What you should do: Make an exact copy of the whole listing, but leave its pictures out.

=== Input data ===

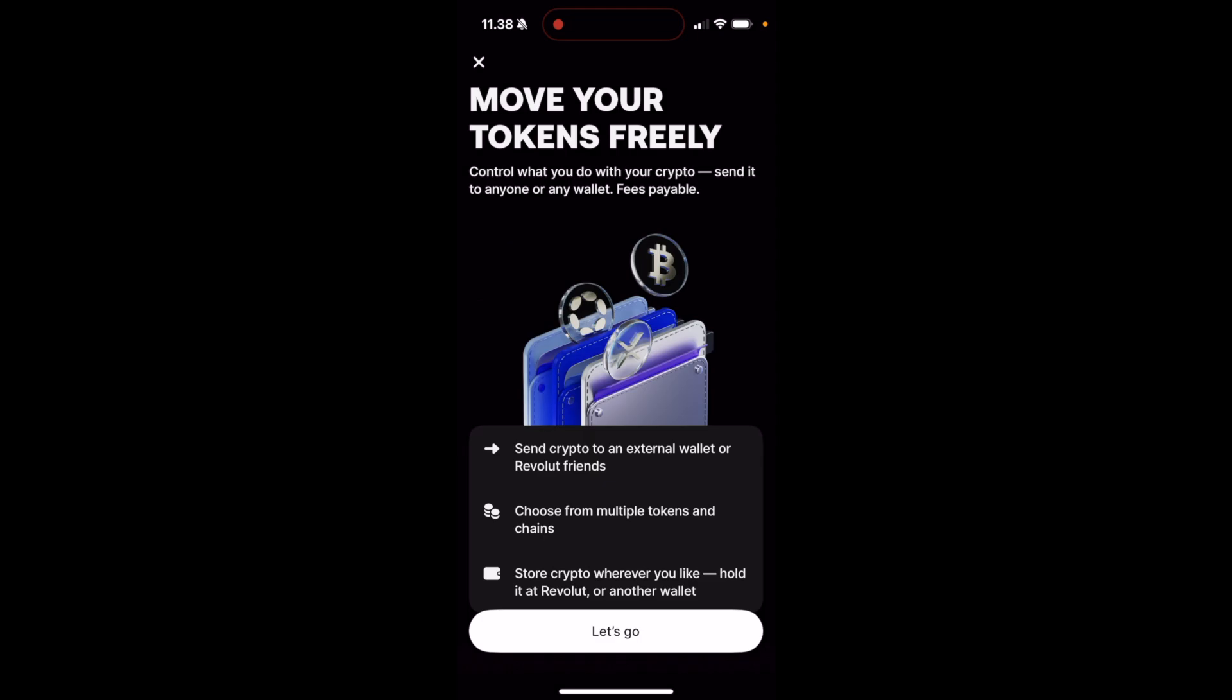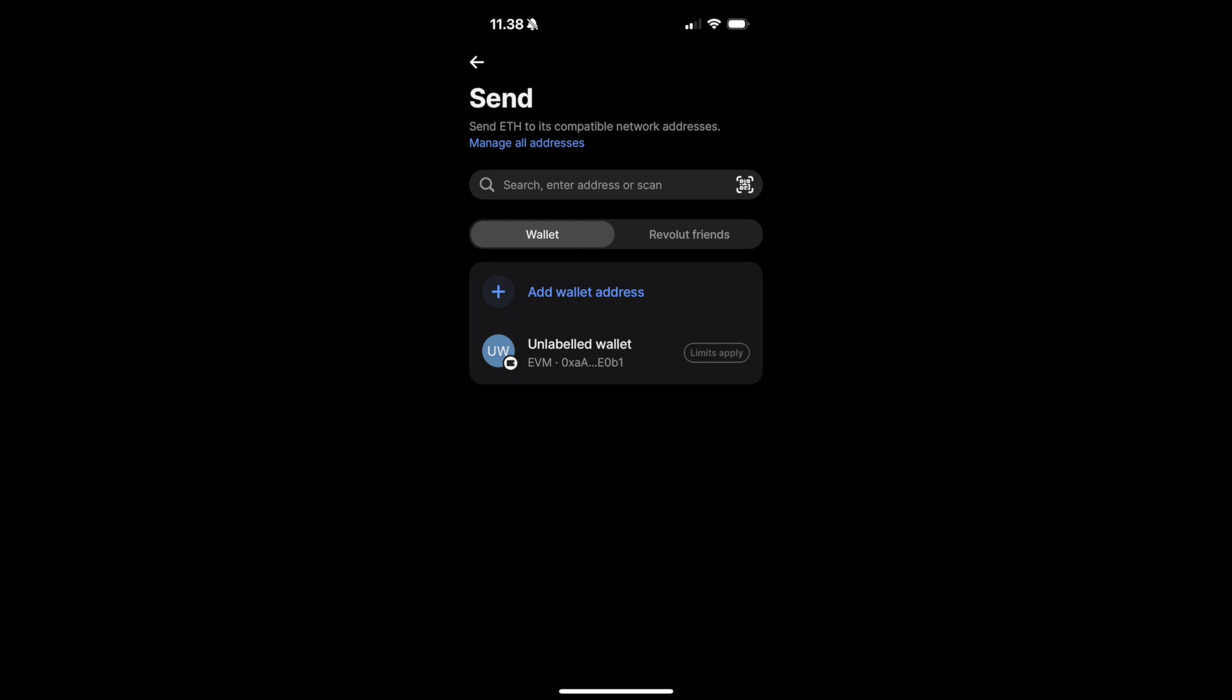As you can see, Revolut allows you to move your tokens freely. So, let's click on Let's Go. Next, it's going to ask you to either search, enter address, or scan a crypto address. So, enter your Crypto.com wallet address.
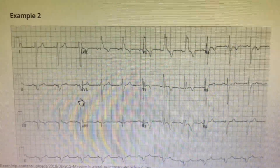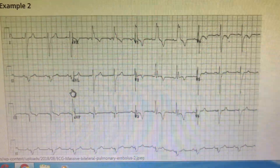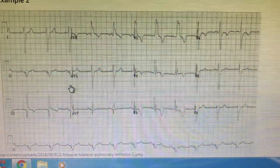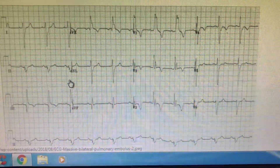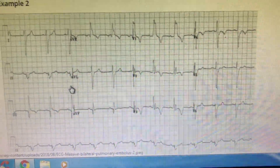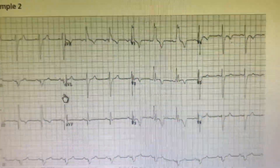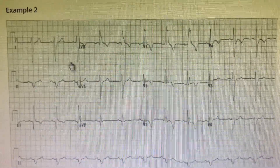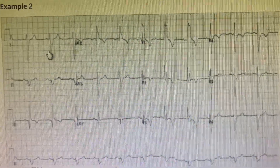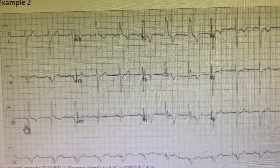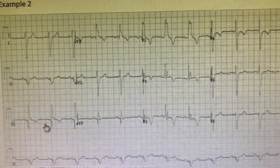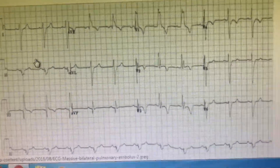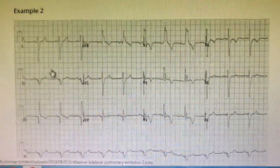In this similar ECG, RVBB is present, first-degree AV block is there, and there is a deep Q and T wave inversion. You can consistently see that the S1Q3T3 pattern is very, very clear in this ECG. There is a deep S in lead 1, a deep Q in lead 3, and a deep T wave inversion in lead 3 — so S1Q3T3 for beginners is something like this.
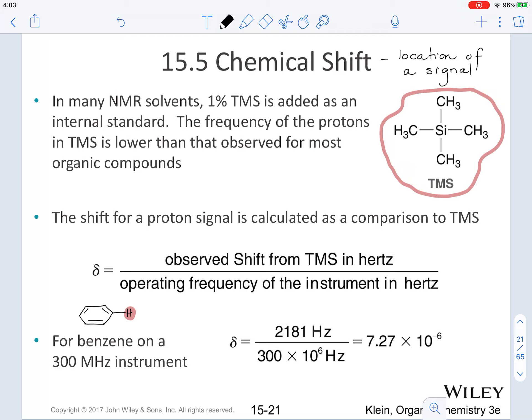For benzene specifically, if we're looking at the proton NMR on a 300 megahertz instrument, then the observed shift from TMS in Hertz is going to be 2,181 Hertz. If we divide that by the operating frequency of the instrument, which is 300 megahertz, the result is going to be 7.27 times 10 to the negative 6.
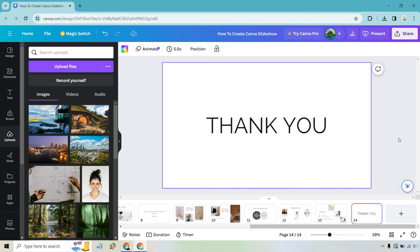Thank you very much for watching. That should give you a good idea about how you can create a Canva slideshow. If you have any other questions, feel free to leave a comment down below. My name is James. Thank you so much for watching, and I'll see you in my next video.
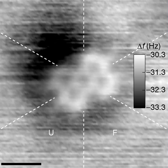Molecules also make up most of the oceans and atmosphere. However, the majority of familiar solid substances on Earth, including most of the minerals that make up the crust, mantle, and core of the Earth, contain many chemical bonds, but are not made of identifiable molecules.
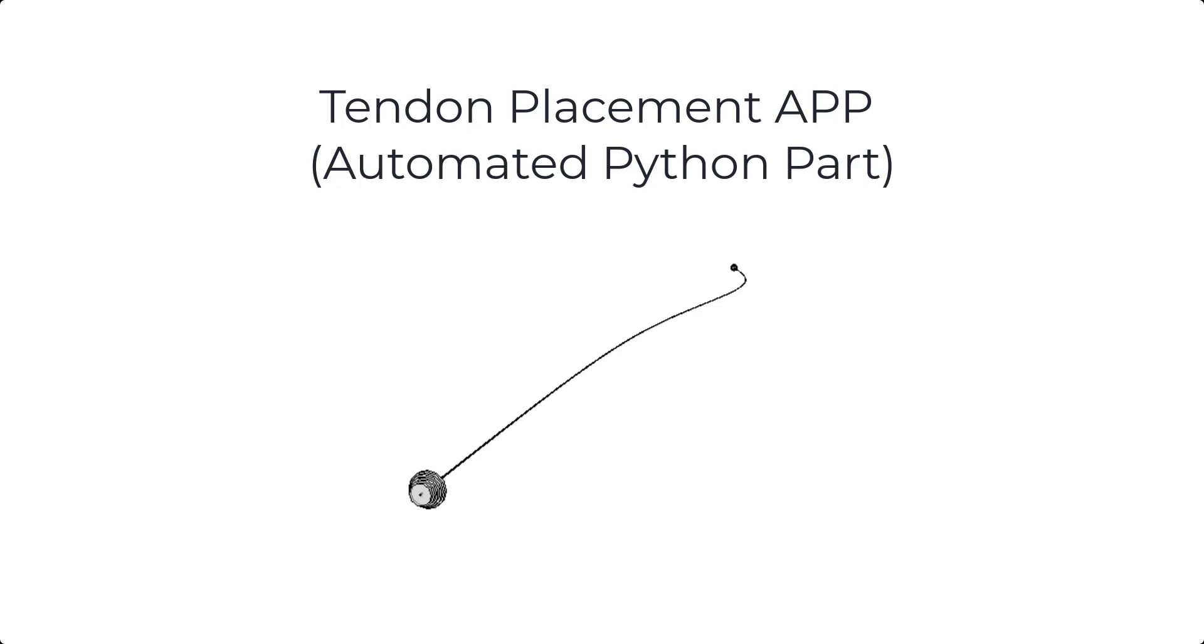In this video, we will give a quick overview of the Tendon Placement Automated Python part, or app as we like to call them. The Tendon Placement app includes everything necessary to create and place your post-tension tendons and connections at the ends through inputs in the palette.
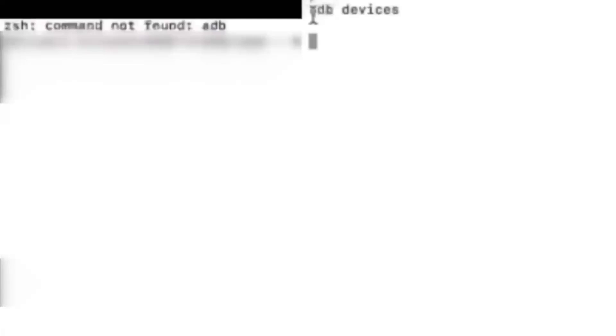Hello viewers, how are you all? Welcome back to the video. In this video we are going to discuss how to resolve the 'command not found: ADB' issue. Even though you have installed Android and everything properly, we are still not able to find ADB. How to resolve this?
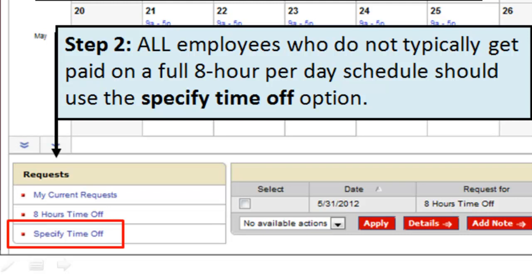This is important because if you are a six, six-and-a-half, seven, or seven-and-a-half hour employee and you request eight hours of time off, the system will automatically deduct eight hours of PTO from your schedule until you or your manager are able to get it corrected. Make sure that you don't over-deduct PTO from your schedule.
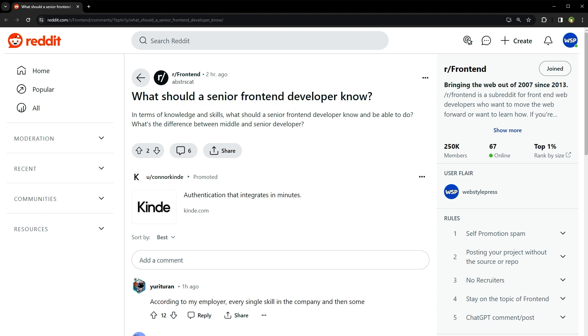When it comes to CSS, you should be comfortable with everything from Flexbox and Grid to preprocessors like Sass or SCSS. And JavaScript - you need to know it inside and out, especially ES6 features, asynchronous programming, and the nitty-gritty of how JavaScript works under the hood.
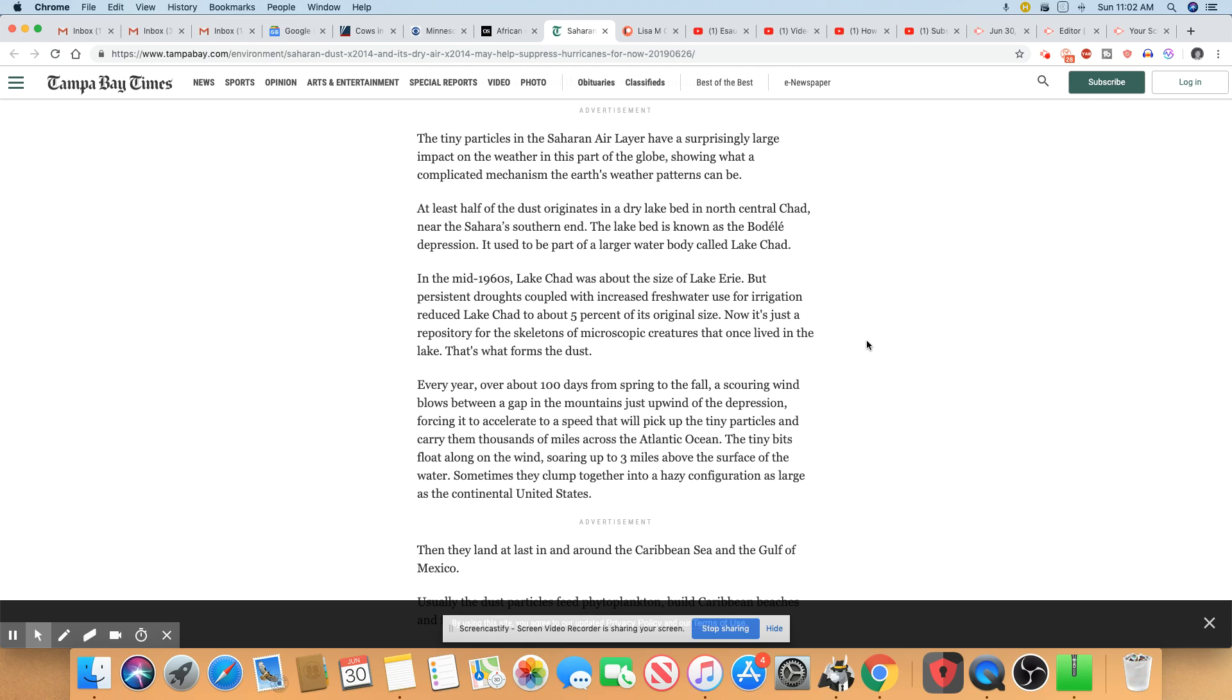So they really don't know. So they're just going into Lake Chad at one point was about the size of Lake Erie. It's now 5% smaller. And they said when you look in there, you can see a lot of skeletons and bones in there of creatures that once lived in the lake because it has dried up over the years.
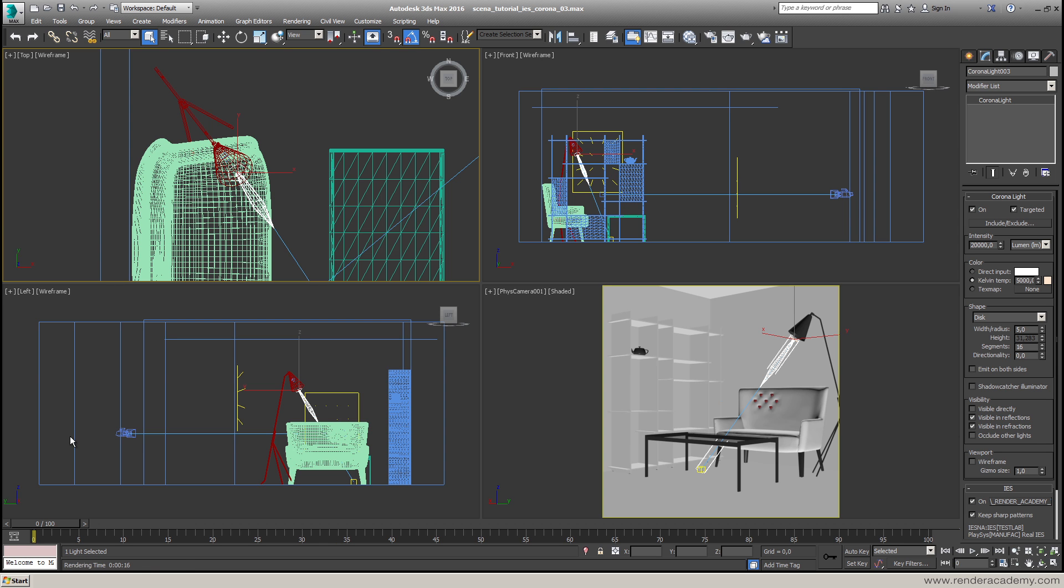They are the mathematical formula to define how the light is spreading inside the environment. This photometric file contains the light model. And why we need this? To be physically correct, to be very close to the light fixture that we are using inside our render. So if you are using one light created by Philips, for example, you may want to download the associated IES photometric file.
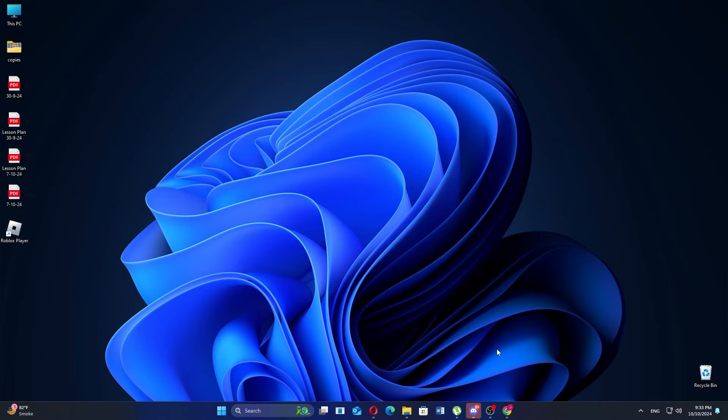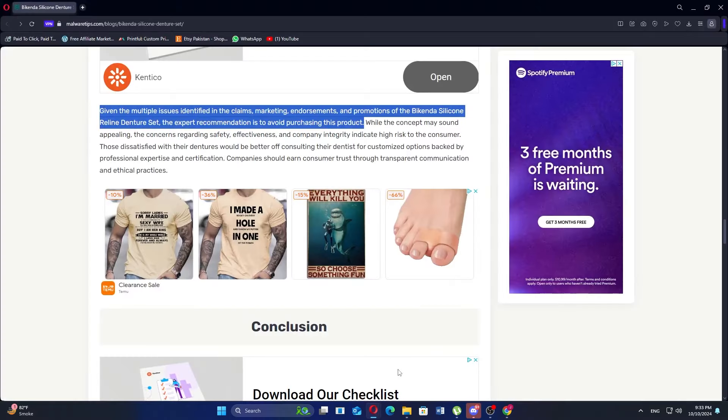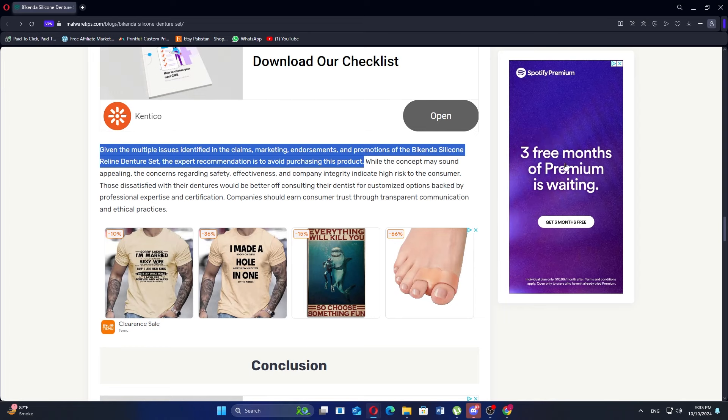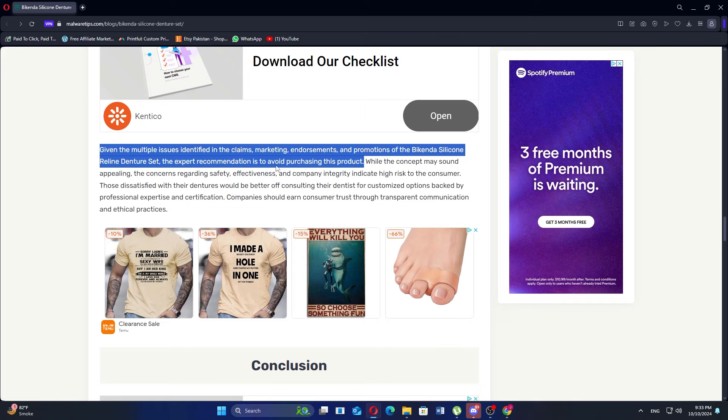The Bikenda Silicone Reline Denture Set is an affordable option designed to improve the fit and comfort of dentures, typically priced around $11. This product aims to provide a custom silicone mold that addresses common issues like discomfort and looseness.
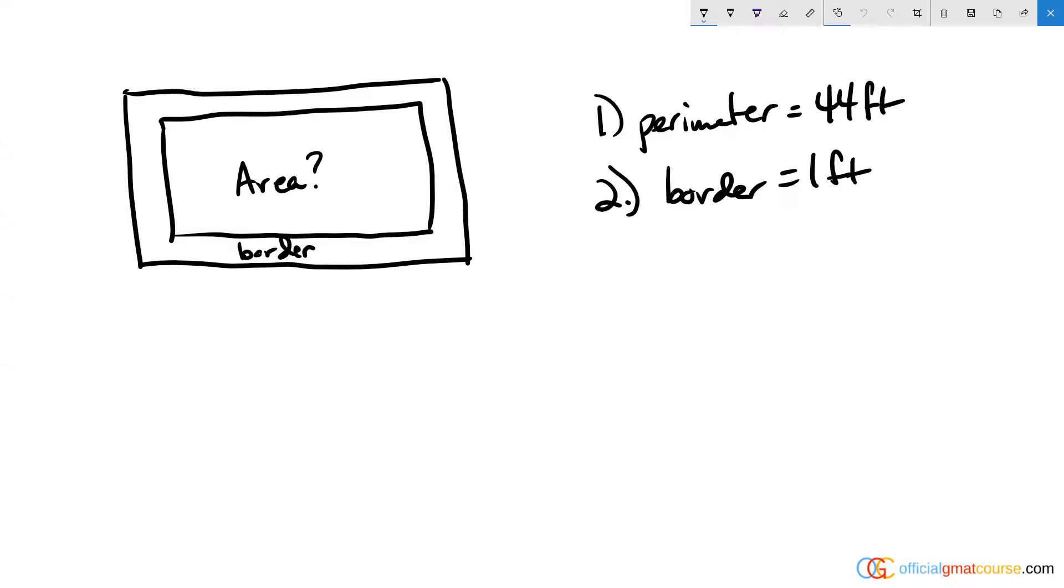This question is a great example of how we can move super quickly through data sufficiency and save time while eliminating a lot of the math that would lead us to incorrect answers through math mistakes and errors.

===

Solved problem:
As you can see, Revolut allows you to move your tokens freely. So, let's click on Let's Go. Next, it's going to ask you to either search, enter address, or scan a crypto address. So, enter your Crypto.com wallet address.
In this similar ECG, RVBB is present, first-degree AV block is there, and there is a deep Q and T wave inversion. You can consistently see that the S1Q3T3 pattern is very, very clear in this ECG. There is a deep S in lead 1, a deep Q in lead 3, and a deep T wave inversion in lead 3 — so S1Q3T3 for beginners is something like this.
For benzene specifically, if we're looking at the proton NMR on a 300 megahertz instrument, then the observed shift from TMS in Hertz is going to be 2,181 Hertz. If we divide that by the operating frequency of the instrument, which is 300 megahertz, the result is going to be 7.27 times 10 to the negative 6.
Thank you very much for watching. That should give you a good idea about how you can create a Canva slideshow. If you have any other questions, feel free to leave a comment down below. My name is James. Thank you so much for watching, and I'll see you in my next video.
Molecules also make up most of the oceans and atmosphere. However, the majority of familiar solid substances on Earth, including most of the minerals that make up the crust, mantle, and core of the Earth, contain many chemical bonds, but are not made of identifiable molecules.
In this video, we will give a quick overview of the Tendon Placement Automated Python part, or app as we like to call them. The Tendon Placement app includes everything necessary to create and place your post-tension tendons and connections at the ends through inputs in the palette.
Hello viewers, how are you all? Welcome back to the video. In this video we are going to discuss how to resolve the 'command not found: ADB' issue. Even though you have installed Android and everything properly, we are still not able to find ADB. How to resolve this?
This is important because if you are a six, six-and-a-half, seven, or seven-and-a-half hour employee and you request eight hours of time off, the system will automatically deduct eight hours of PTO from your schedule until you or your manager are able to get it corrected. Make sure that you don't over-deduct PTO from your schedule.
When it comes to CSS, you should be comfortable with everything from Flexbox and Grid to preprocessors like Sass or SCSS. And JavaScript - you need to know it inside and out, especially ES6 features, asynchronous programming, and the nitty-gritty of how JavaScript works under the hood.
So they really don't know. So they're just going into Lake Chad at one point was about the size of Lake Erie. It's now 5% smaller. And they said when you look in there, you can see a lot of skeletons and bones in there of creatures that once lived in the lake because it has dried up over the years.
They are the mathematical formula to define how the light is spreading inside the environment. This photometric file contains the light model. And why we need this? To be physically correct, to be very close to the light fixture that we are using inside our render. So if you are using one light created by Philips, for example, you may want to download the associated IES photometric file.
The Bikenda Silicone Reline Denture Set is an affordable option designed to improve the fit and comfort of dentures, typically priced around $11. This product aims to provide a custom silicone mold that addresses common issues like discomfort and looseness.
This question is a great example of how we can move super quickly through data sufficiency and save time while eliminating a lot of the math that would lead us to incorrect answers through math mistakes and errors.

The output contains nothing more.